» **Materials provided**

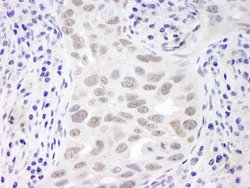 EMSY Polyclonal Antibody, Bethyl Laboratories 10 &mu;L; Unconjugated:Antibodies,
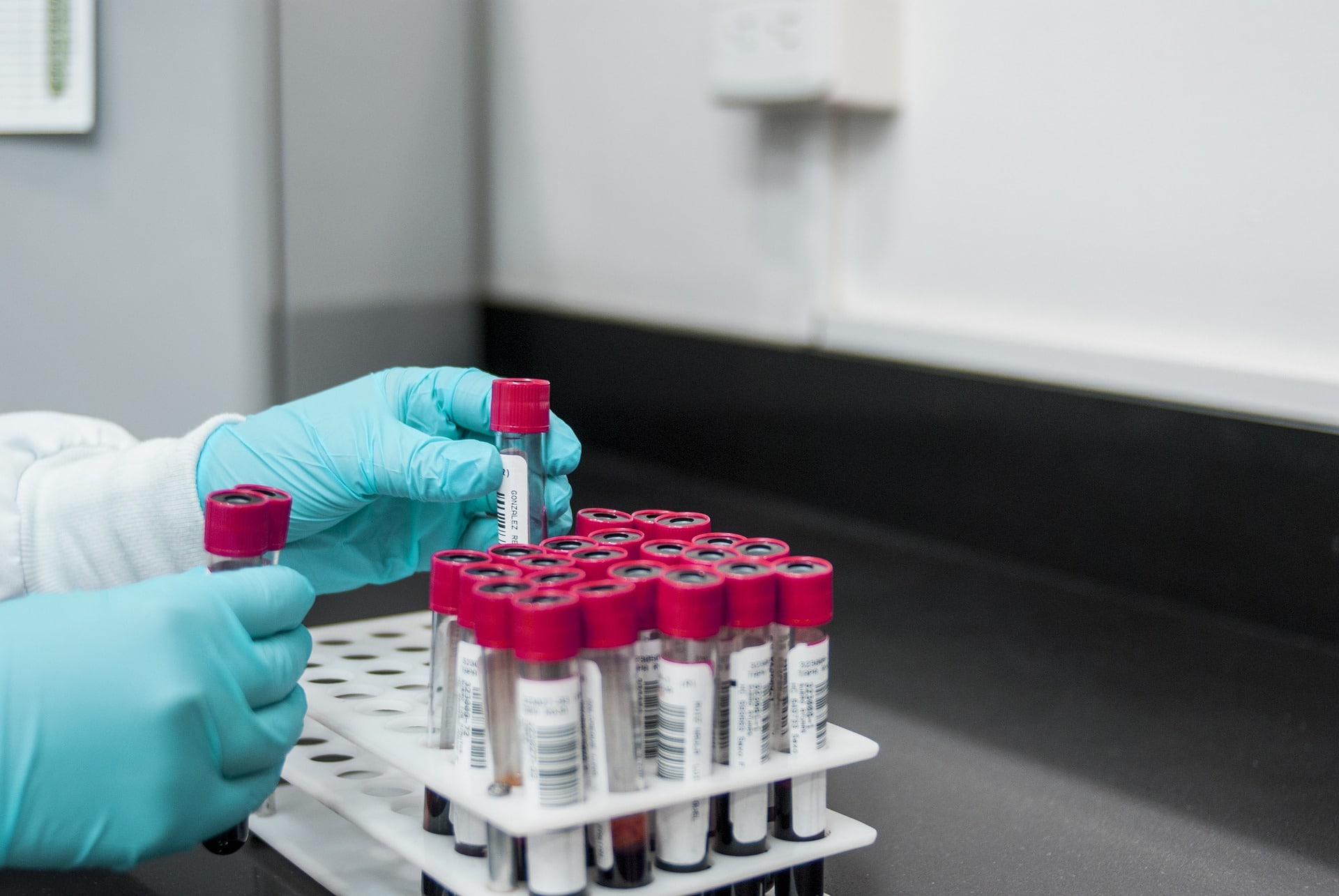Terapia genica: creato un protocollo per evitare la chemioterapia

---

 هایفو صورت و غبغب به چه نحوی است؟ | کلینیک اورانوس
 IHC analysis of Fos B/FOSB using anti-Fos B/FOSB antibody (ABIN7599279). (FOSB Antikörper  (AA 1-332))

==

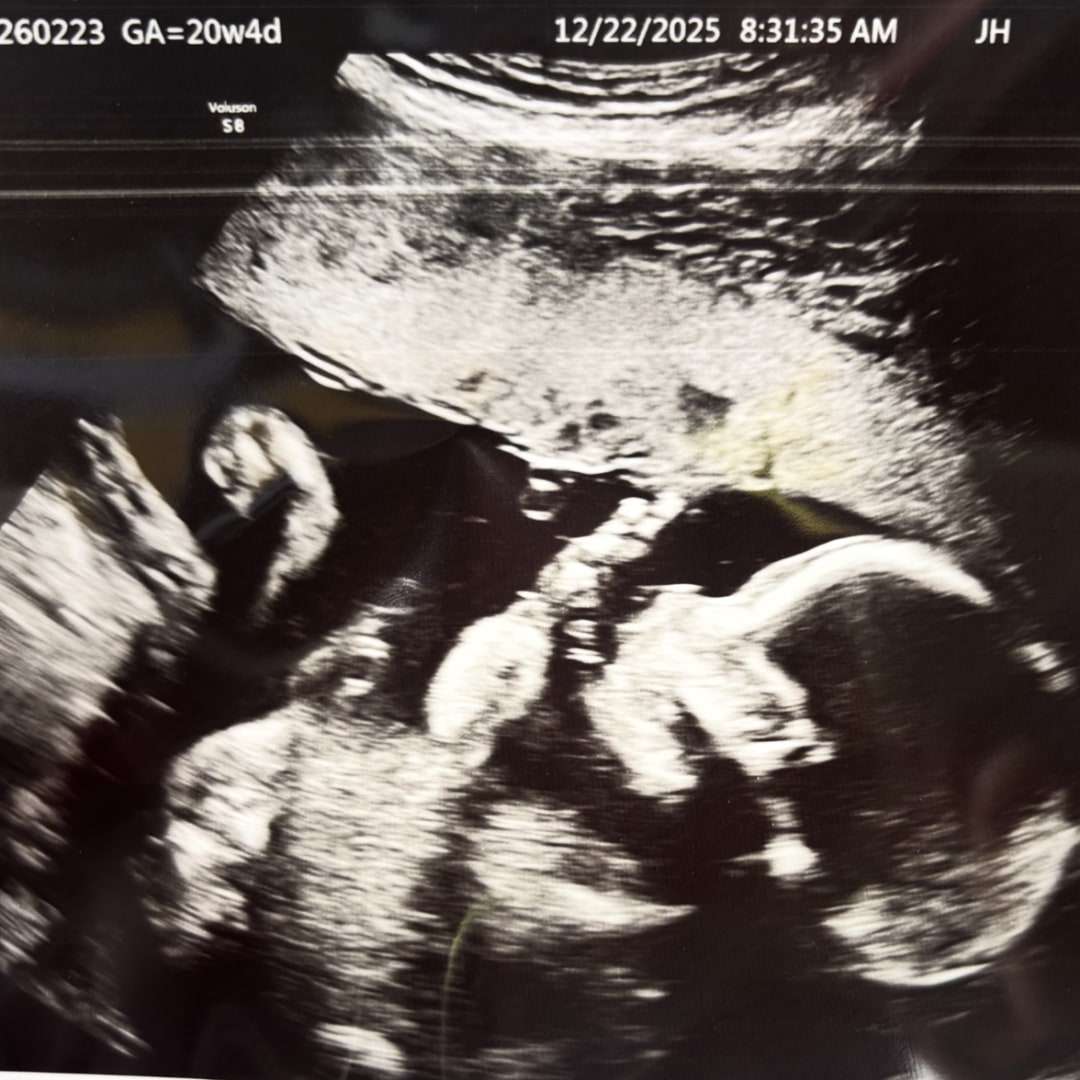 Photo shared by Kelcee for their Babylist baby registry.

» **Work to be completed**
What you write out is the stretch of entries from the line containing "EMSY Polyclonal Antibody, Bethyl" to the line containing "Terapia genica: creato", word for word, with both end lines and no pictures.

» **Exercise result**
 EMSY Polyclonal Antibody, Bethyl Laboratories 10 &mu;L; Unconjugated:Antibodies,
Terapia genica: creato un protocollo per evitare la chemioterapia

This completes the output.